Government-backed loans like VA loans, USDA loans, and FHA loans all offer options that allow you to avoid PMI: 

 

  • VA loans: Avoid PMI with a VA loan, which can save you a significant amount on monthly payments. A VA loan provides options for eligible service members, veterans, and surviving spouses to buy a home with great benefits. Unlike conventional loans, where lenders require PMI if you put down less than 20%, mortgage insurance on VA loans works differently. While VA loans don’t require PMI, they do charge a one-time VA funding fee
  • USDA loans: A USDA loan helps make homeownership more affordable in rural and suburban areas. With a USDA loan, you can buy a home without a down payment and still avoid PMI. Instead of PMI, USDA loans charge a small upfront fee and an annual fee that is generally lower than standard PMI.
  • FHA loans: FHA loans require a smaller down payment, often around 3.5%, which is lower than many conventional loans. However, instead of PMI, FHA loans use a similar type of insurance called MIP, or mortgage insurance premium. When comparing PMI vs. MIP, the difference is that PMI is required on conventional loans with down payments under 20%, while MIP applies specifically to FHA loans regardless of down payment. MIP has both an upfront cost and an annual premium, which can be rolled into your mortgage payment.
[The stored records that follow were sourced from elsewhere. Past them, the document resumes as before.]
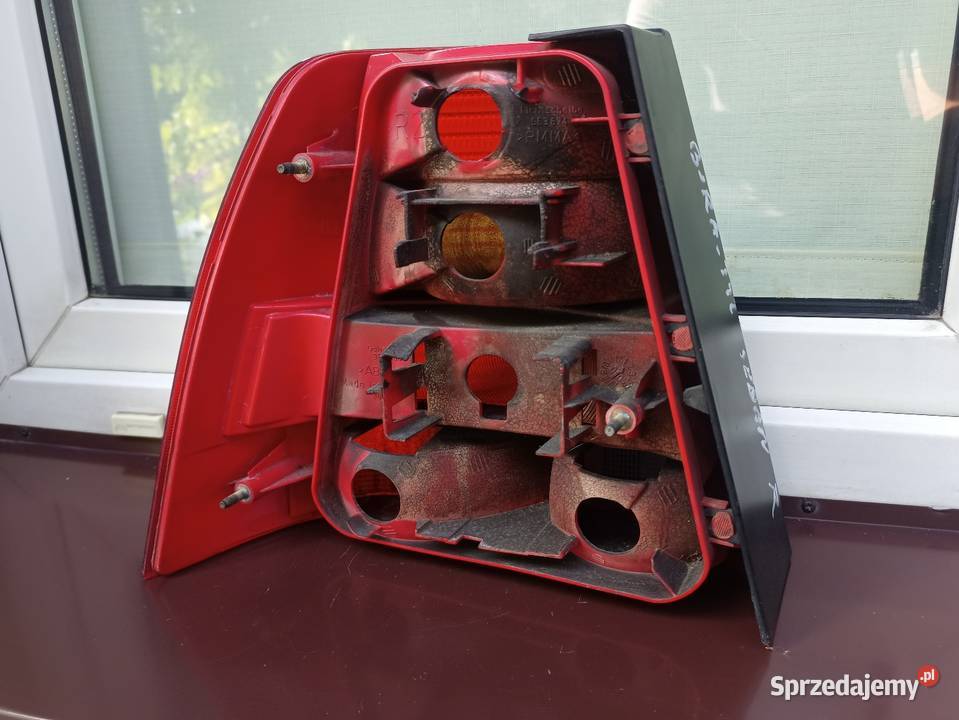 VW Bora sedan lampa tył tylna prawa Hella osobowe Sieradz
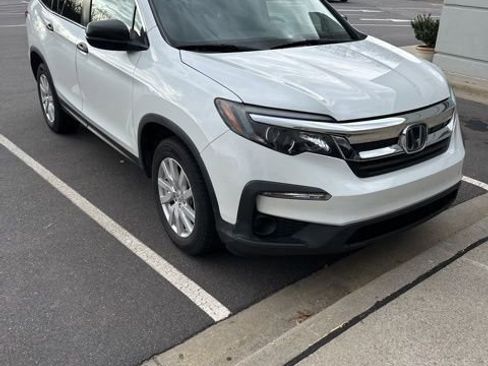 Used 2020 Honda Pilot LX image 1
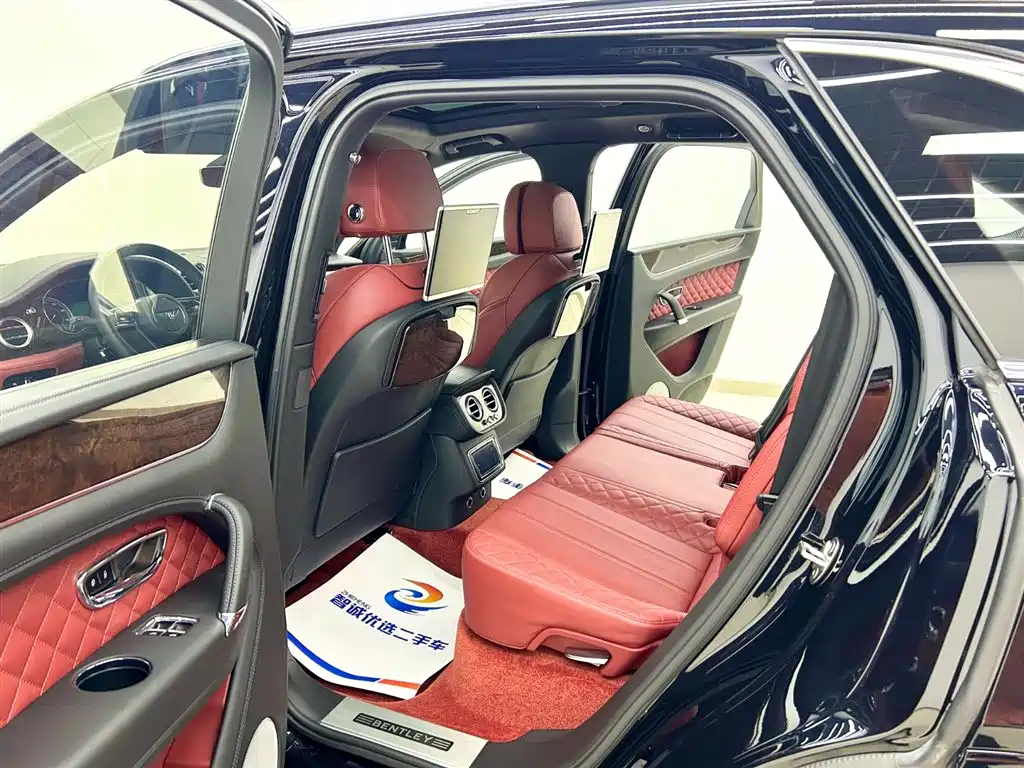 Bentayga 2016 6.0T Standard Edition купить на сайте DeffCars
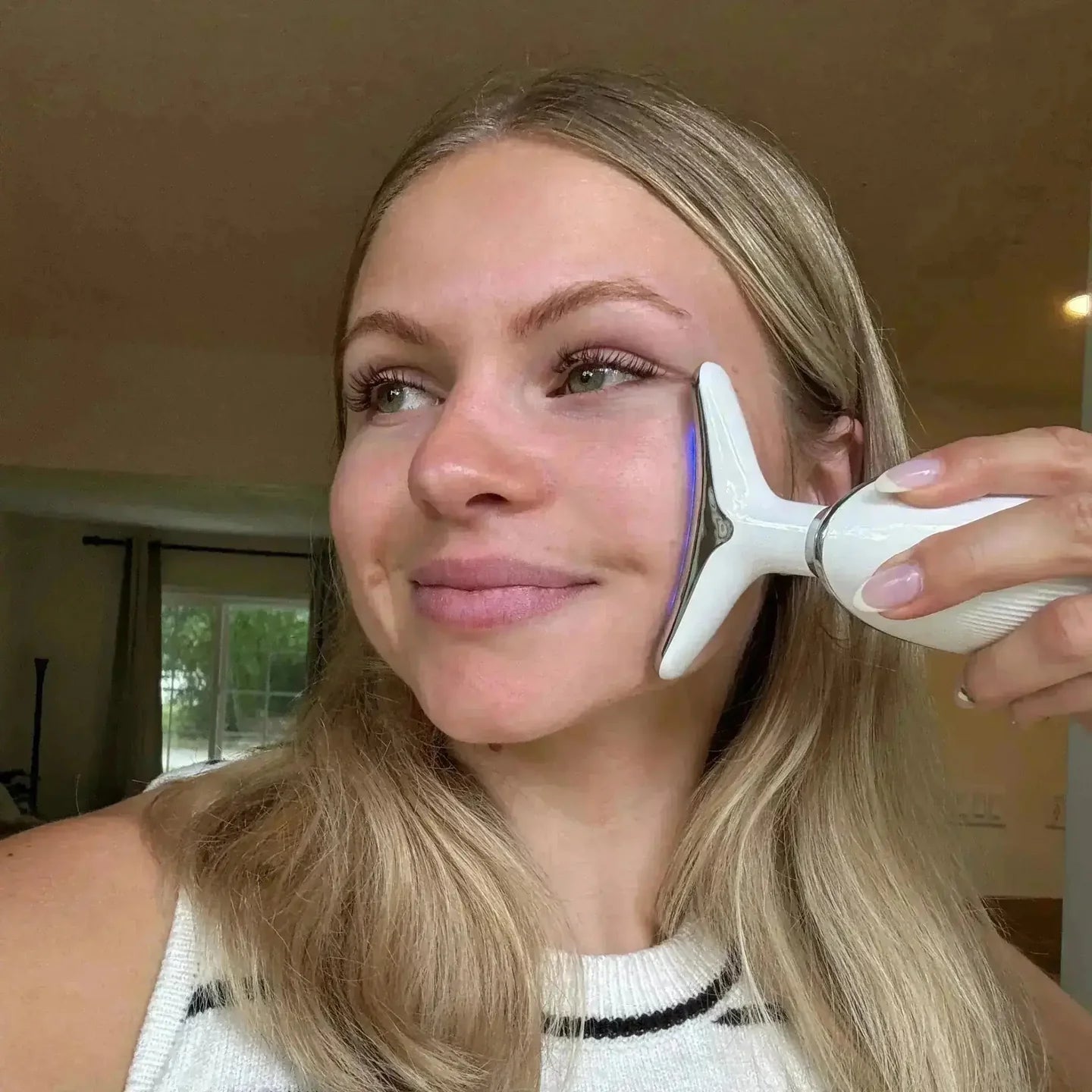 DemmyLab 7-in-1 Massaggiatore Viso LED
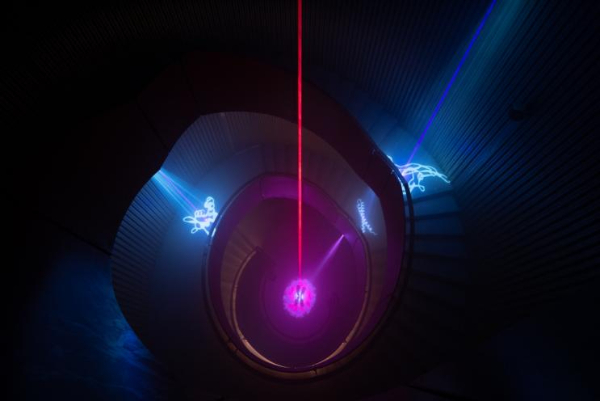 星体、基因与电子之间：朱剑辰的数字灵性艺术仪式与共生场域(图4)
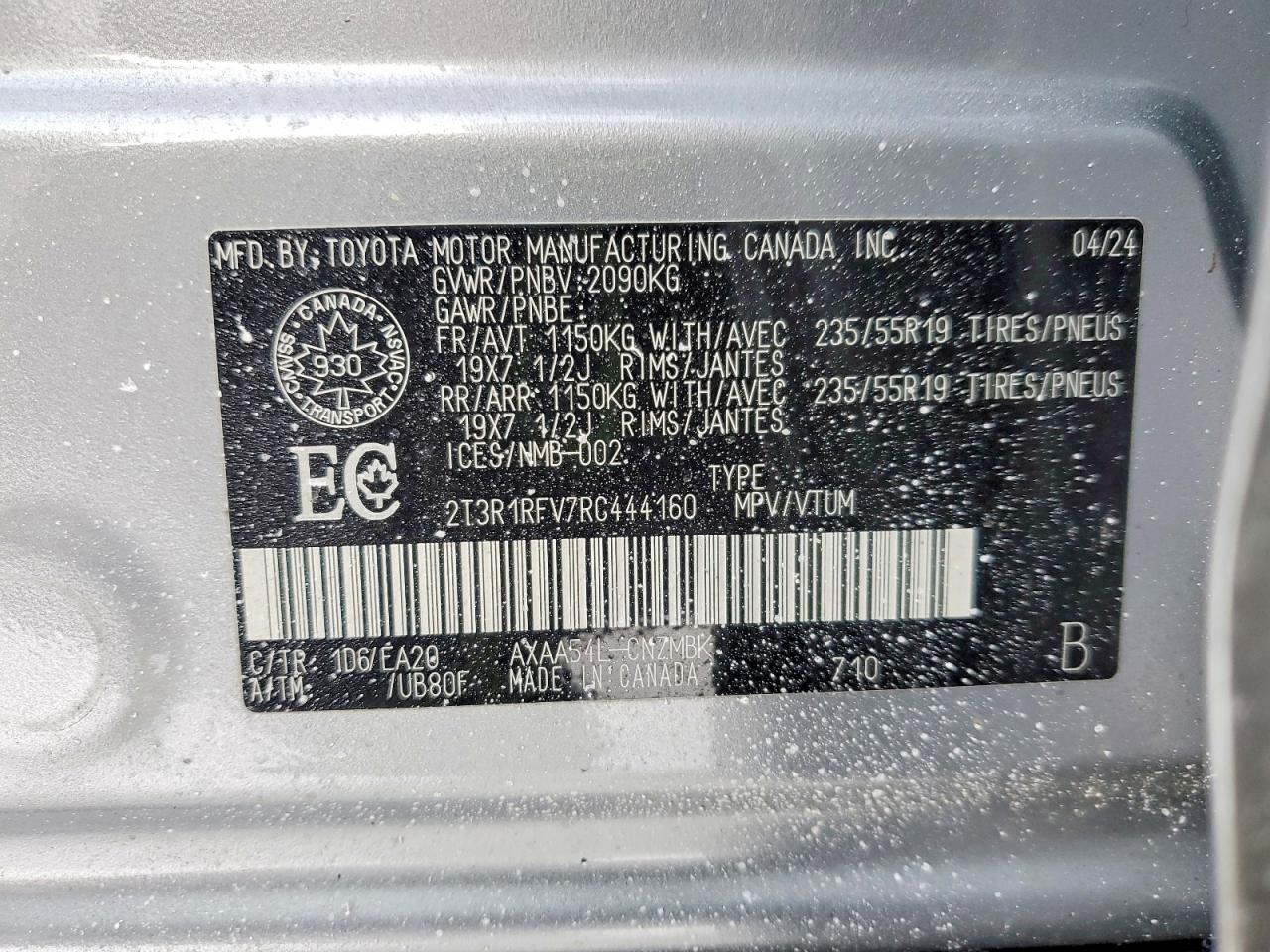 2024 TOYOTA RAV4 XLE photo 25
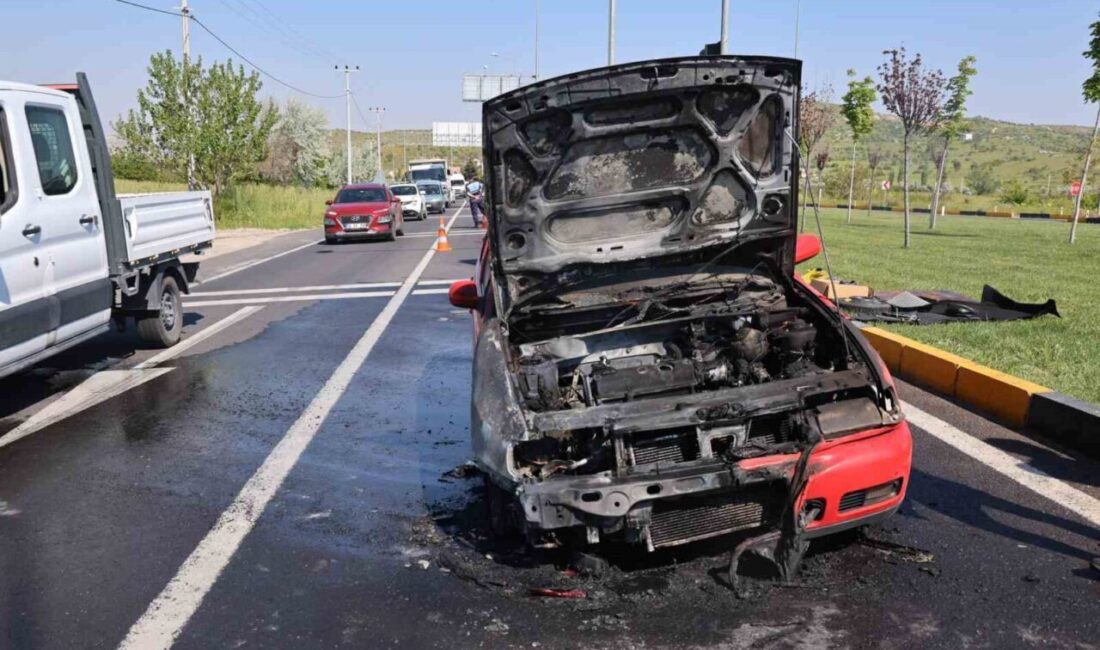 Nevşehir’de seyir halindeki bir otomobilin motor kısmında çıkan yangın paniğe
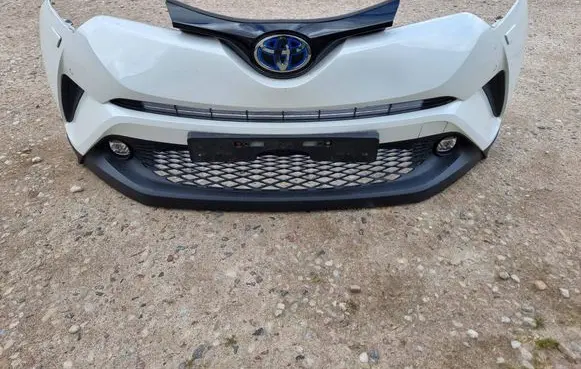 Toyota C-HR I Front bumper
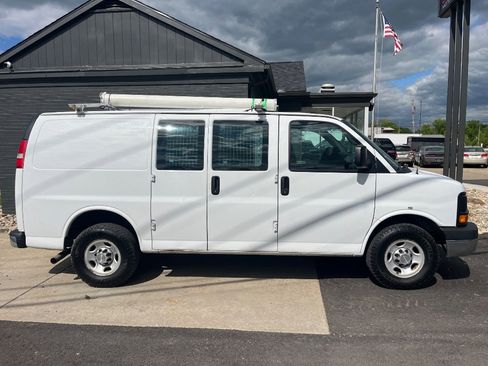 Used 2014 Chevrolet Express 2500 RWD image 2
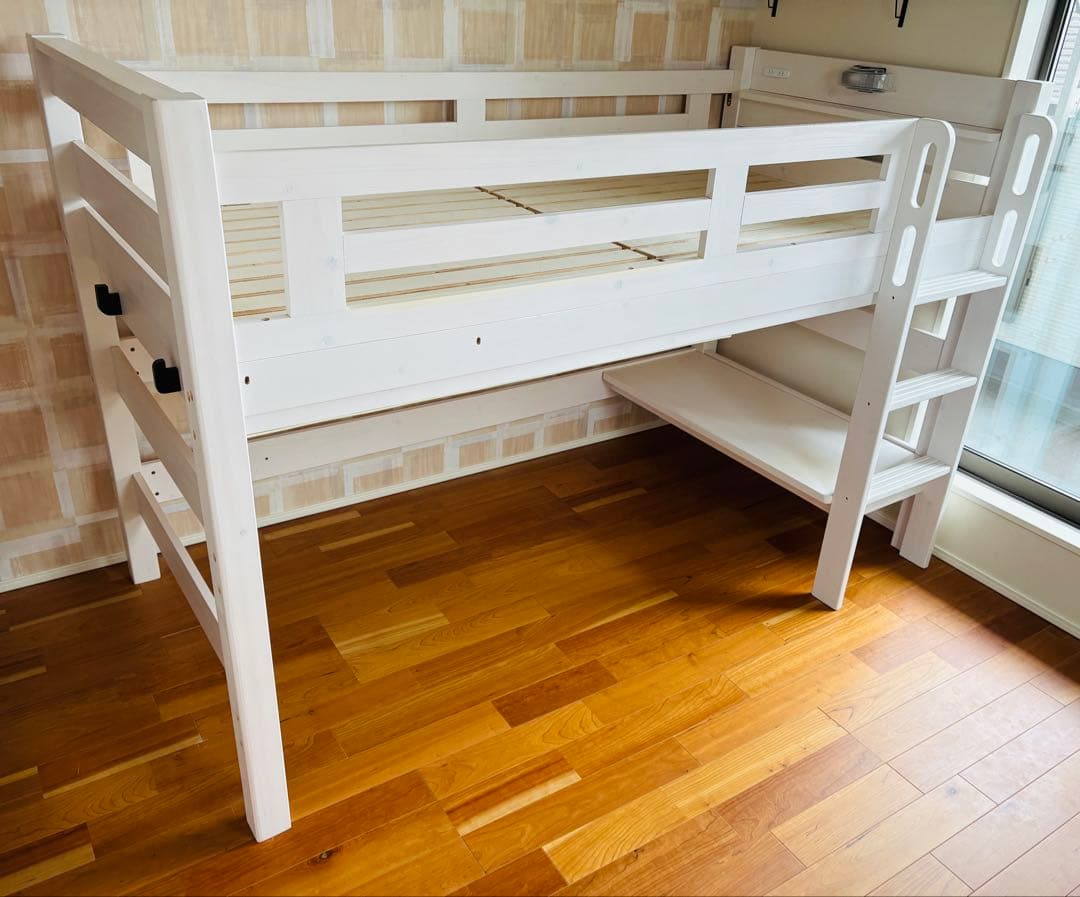 【直接引き渡しのみ】美品、ロフトベッド イーニーMid ホワイト 宮棚付　収納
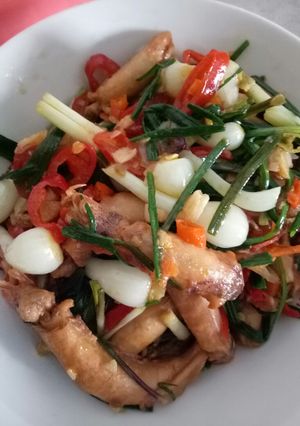 Foto resep Tumis cumi asin pedas + daun lokio (siung/arjuna)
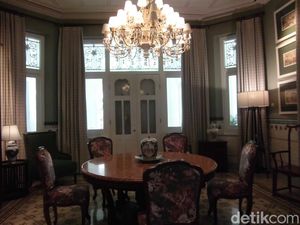 Nongkrong ala Putri Keraton di Istana Heritage Batik Keris Solo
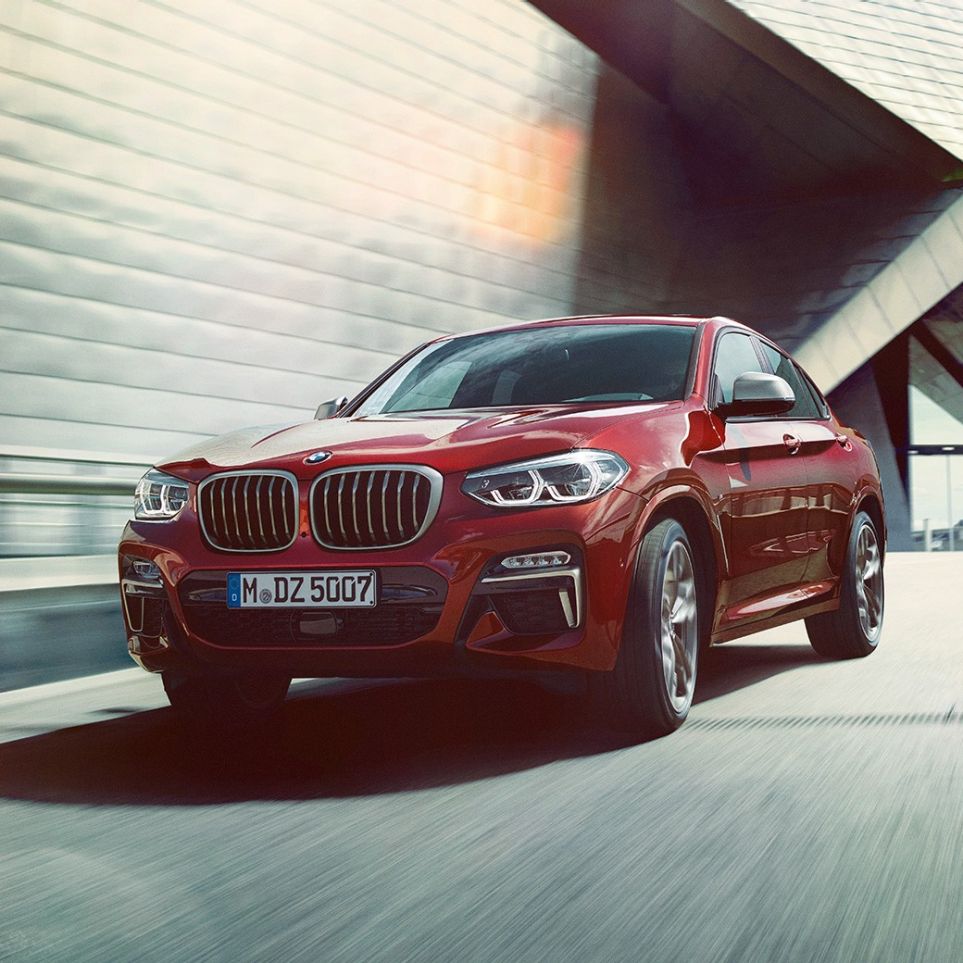 BMW X4 set forfra let drejet BMW X4 M40i G02 2018 Flamenco Red Brillant-effekt set forfra let drejet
If you’re looking to avoid PMI but don’t qualify for a government-backed loan with no PMI, there are other options to help you skip this extra monthly expense. Here are a few ways you might get a conventional mortgage loan with no PMI:

  • Make a 20%+ down payment: The simplest way to avoid PMI is by putting down 20% or more, which most lenders require to waive PMI.
  • Purchase highly appreciable property: Buying a home in a rapidly appreciating market can help you build equity faster, allowing you to cancel PMI sooner.
  • Research home buyer assistance programs: In some cases, no PMI options for first-time home buyers are available through state or local assistance programs that provide down payment help, reducing or eliminating PMI requirements.
  • Use a piggyback loan: With an “80-10-10” or an “80-15-5” loan, you take out a second loan to cover part of your down payment, so you only need to finance 80% with your primary mortgage, letting you avoid PMI.

Lender Paid Mortgage Insurance can be a good idea if you want to avoid PMI payments while putting less than 20% down on a home loan. PMI costs add up over time, so having the lender cover those costs can ease the financial burden of buying a home. However, keep in mind that LPMI programs tend to come with slightly higher interest rates since the lender is taking on this extra cost. 

LPMI is often best-suited for borrowers who plan on refinancing or selling at some point in the future. Working with a mortgage lender that doesn’t require PMI and offers flexible refinance solutions that you can take advantage of once you have some equity built up can help you get the most out of a no PMI mortgage.